\name{seqCompare}
\alias{seqCompare}
\alias{seqLRT}
\alias{seqBIC}

\title{BIC and Likelihood ratio test for comparing two sequence data}

\description{The function \code{seqCompare} computes the likelihood ratio test (LRT) and Bayesian Information Criterion (BIC) for comparing two groups within each of a series of set.
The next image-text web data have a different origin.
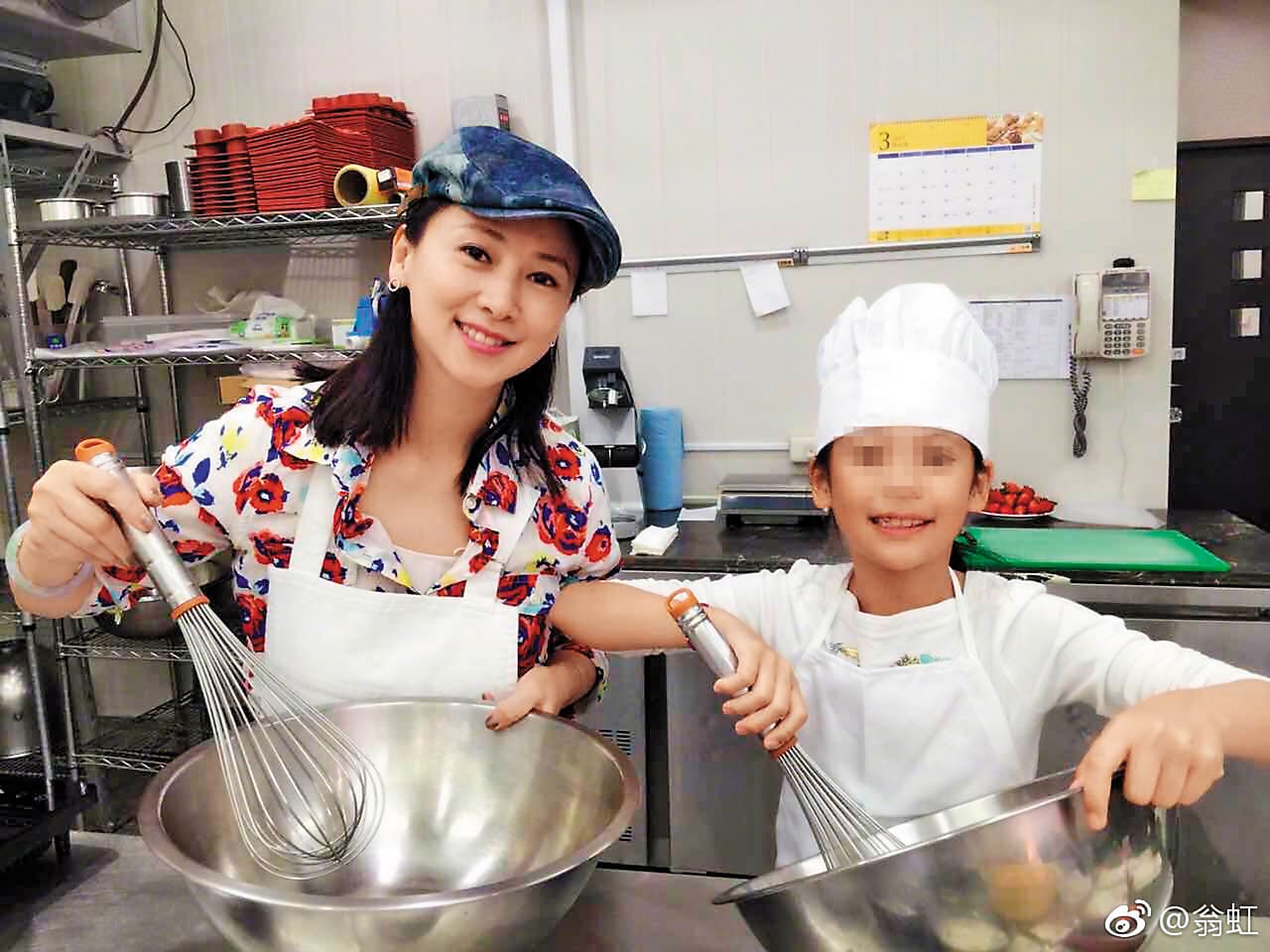 陪著小水晶一起下廚或畫畫,翁虹在陪女兒成長的同時,她也在自己身上發現許多的可能性,賺錢不是唯一,懂得享受人生比較重要。(翻攝自翁虹微博)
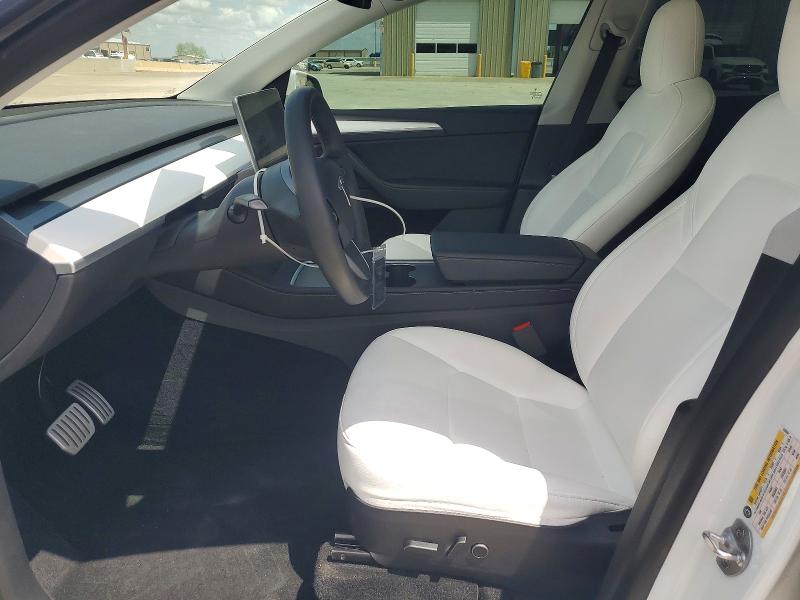 49133746 :رقم المزاد ، 7SAYGDEF3NF539534 vin ، 2022 Tesla Model Y مزاد بيع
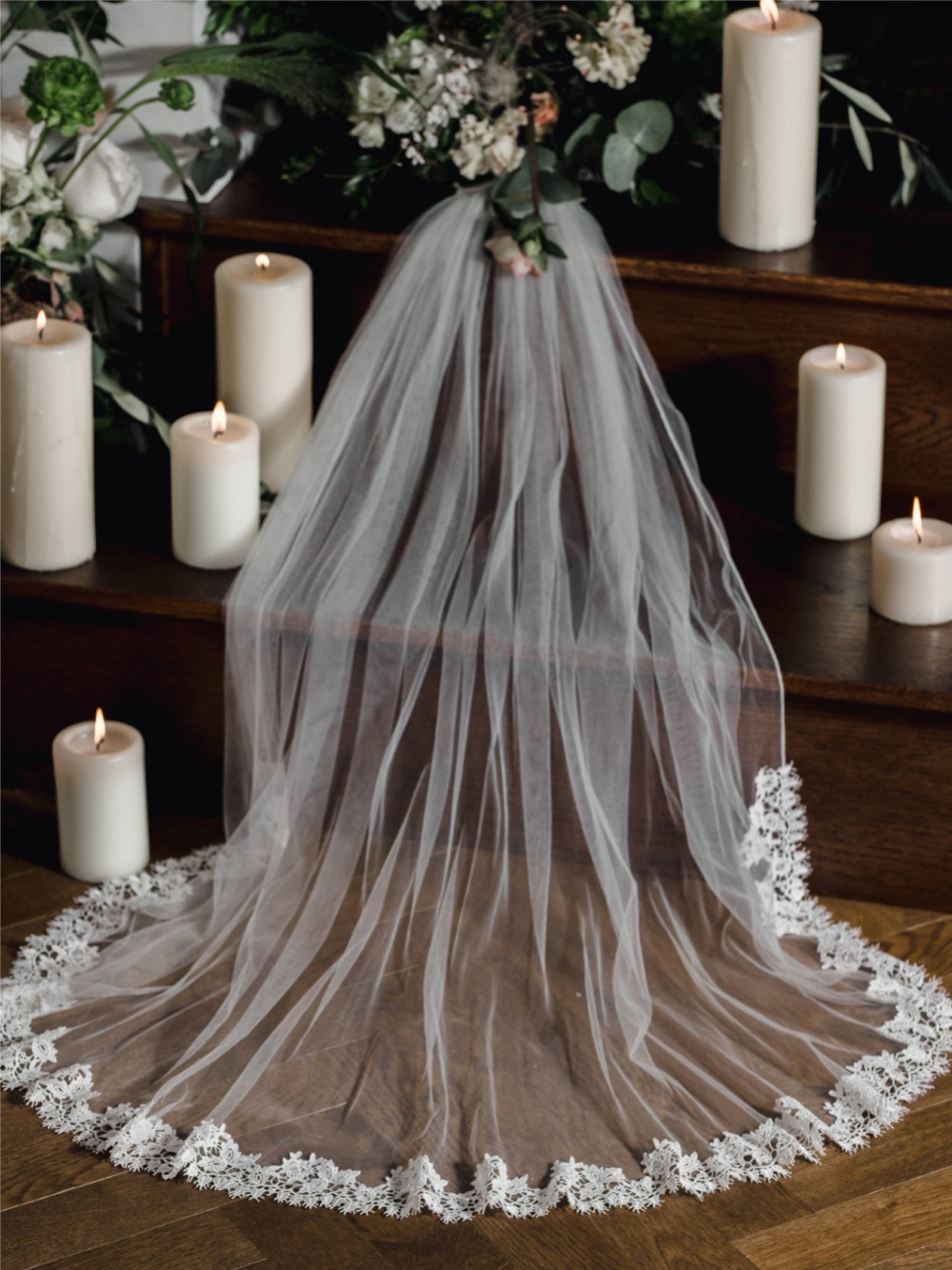 Photograph: Linzi Jay Single Tier Semi Lace Edge Bridal Veil LA555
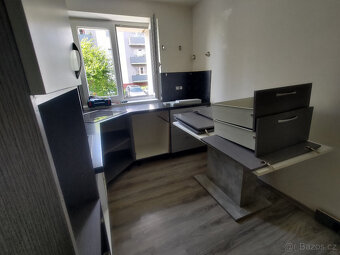 Kuchyňská linka včetně indukční varné desky a trouby Mora - 6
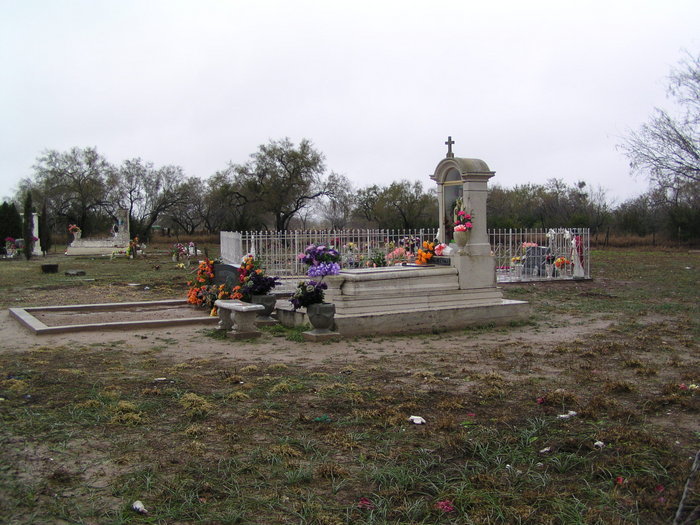 Chapeno Cemetery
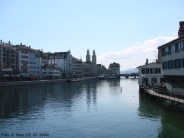 Blick von der Rudolf-Brun-Br&uuml;cke &uuml;ber die Limmat zum Rathaus und zum Grossm&uuml;nster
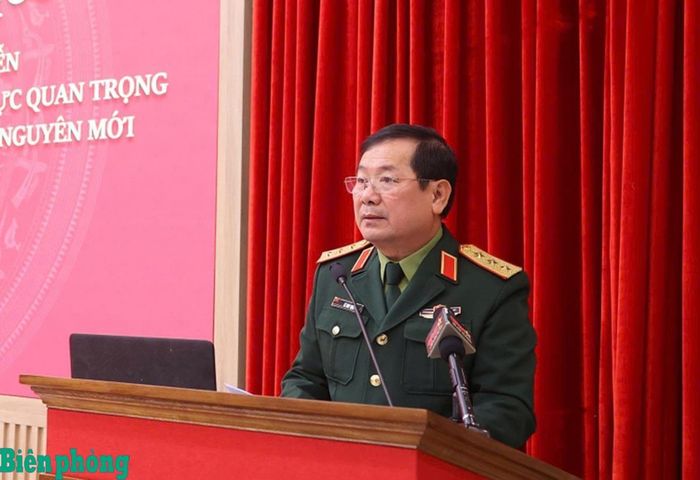 Thượng tướng, Tiến sĩ Lê Huy Vịnh, Ủy viên Trung ương Đảng, ủy viên Quân ủy Trung ương, Thứ trưởng Bộ Quốc phòng phát biểu tại hội thảo. Ảnh: Hồng Pha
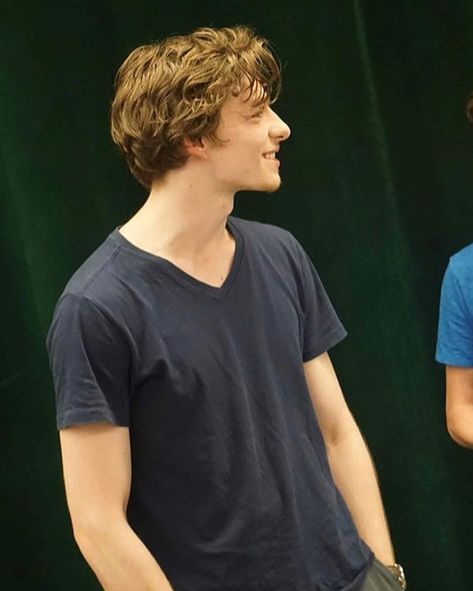 MIKE FAIST LOOKS SO GOOD WITH HIS NEW HAIRCUT>>>he looks like he belongs in a boy band Mike Faist Newsies, Mike Faist Challengers, Dodge Mason, Mike Fiast, Dear Evan Hansen Musical, Connor Murphy, Mike Faist, Evan Hansen, New Haircut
The functions \code{seqBIC} and \code{seqLRT} are aliases that return only the BIC or the LRT.
}

\usage{
seqCompare(seqdata, seqdata2=NULL, group=NULL, set=NULL,
    s=100, seed=36963, stat="all", squared="LRTonly",
    weighted=TRUE, opt=NULL, BFopt=NULL, method, ...)

seqLRT(seqdata, seqdata2=NULL, group=NULL, set=NULL, s=100,
    seed=36963, squared="LRTonly", weighted=TRUE, opt=NULL,
    BFopt=NULL, method, ...)

seqBIC(seqdata, seqdata2=NULL, group=NULL, set=NULL, s=100,
    seed=36963, squared="LRTonly", weighted=TRUE, opt=NULL,
    BFopt=NULL, method, ...)
}

\arguments{
\item{seqdata}{Either a state sequence object (\code{stslist} created with \code{\link[TraMineR]{seqdef}}) or a list of state sequence objects, e.g., \code{list(cohort1.seq,cohort2.seq,cohort3.seq)}.
  %\code{list()} function. E.g., list(cohort1.seq,cohort2.seq,cohort3.seq) where *.seq is
  %generated by \code{\link[TraMineR]{seqdef}}.
}

\item{seqdata2}{Either a state sequence object (\code{stslist} or a list of state sequence objects. Must be \code{NULL} when \code{group} is not \code{NULL}. If not \code{NULL}, must be of same type than \code{seqdata}. See details.
}
  \item{group}{Vector of length equal to number of sequences in \code{seqdata}. A dichotomous grouping variable. See details.
  }
  \item{set}{Vector of length equal to number of sequences in \code{seqdata}. Variable defining the sets. See details.
  }

\item{s}{Integer. Default 100. The size of random samples of sequences. When 0, no sampling is done.
}

\item{seed}{Integer. Default 36963. Using the same seed number guarantees the same results
  each time.
}
  \item{stat}{String. The requested statistics. One of \code{"LRT"}, \code{"BIC"}, or \code{"all"}
  }
  \item{squared}{Logical. Should squared distances be used? Can also be \code{"LRTonly"}, in which case the distances to the centers are computed using non-squared distances and LRT is computed with squared distances.
  }
  \item{weighted}{Logical or String. Should weights be taken into account when available? Can also be \code{"by.group"}, in which case weights are used and normalized to respect group sizes.
  }
  \item{opt}{Integer or \code{NULL}. Either 1 or 2. Computation option. When 1, the distance matrix is computed successively for each pair of samples of size s. When 2, the distances are computed only once for each pair of sets of observed sequences and the distances for the samples are extracted from that matrix. When \code{NULL} (default), 1 is chosen when the sum of sizes of the two groups is larger than 2*s and 2 otherwise.
  }
  \item{BFopt}{Integer or \code{NULL}. Either 1 or 2. Applies only when BIC is computed on multiple samples. When 1 the displayed Bayes Factor (BF) is the averaged BF. When 2, the displayed BF is obtained from the averaged BIC. When \code{NULL} both BFs are displayed.
  }
\item{method}{String. Method for computing sequence distances. See documentation for \code{\link[TraMineR]{seqdist}}. Additional arguments may be required depending on the method chosen.
}
\item{...}{Additional arguments passed to \code{\link[TraMineR]{seqdist}}.
}

}

\details{
The \code{group} and \code{set} arguments can only be used when \code{seqdata} is an \code{stslist} object (a state sequence object).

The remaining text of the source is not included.